Give the data again in full, exactly as written below.
*** Opening Task inputs ***
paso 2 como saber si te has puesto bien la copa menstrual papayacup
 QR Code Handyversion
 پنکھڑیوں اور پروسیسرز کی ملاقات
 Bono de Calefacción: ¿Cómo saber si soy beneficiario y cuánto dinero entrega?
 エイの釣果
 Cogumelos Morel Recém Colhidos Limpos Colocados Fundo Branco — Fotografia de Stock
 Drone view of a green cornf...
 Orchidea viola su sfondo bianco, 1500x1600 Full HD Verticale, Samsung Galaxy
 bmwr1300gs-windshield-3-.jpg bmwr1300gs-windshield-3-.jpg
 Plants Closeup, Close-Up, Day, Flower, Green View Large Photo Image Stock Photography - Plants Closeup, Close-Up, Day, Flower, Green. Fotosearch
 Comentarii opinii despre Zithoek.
*** Closing Task inputs ***
▶ Problem solution
paso 2 como saber si te has puesto bien la copa menstrual papayacup
 QR Code Handyversion
 پنکھڑیوں اور پروسیسرز کی ملاقات
 Bono de Calefacción: ¿Cómo saber si soy beneficiario y cuánto dinero entrega?
 エイの釣果
 Cogumelos Morel Recém Colhidos Limpos Colocados Fundo Branco — Fotografia de Stock
 Drone view of a green cornf...
 Orchidea viola su sfondo bianco, 1500x1600 Full HD Verticale, Samsung Galaxy
 bmwr1300gs-windshield-3-.jpg bmwr1300gs-windshield-3-.jpg
 Plants Closeup, Close-Up, Day, Flower, Green View Large Photo Image Stock Photography - Plants Closeup, Close-Up, Day, Flower, Green. Fotosearch
 Comentarii opinii despre Zithoek.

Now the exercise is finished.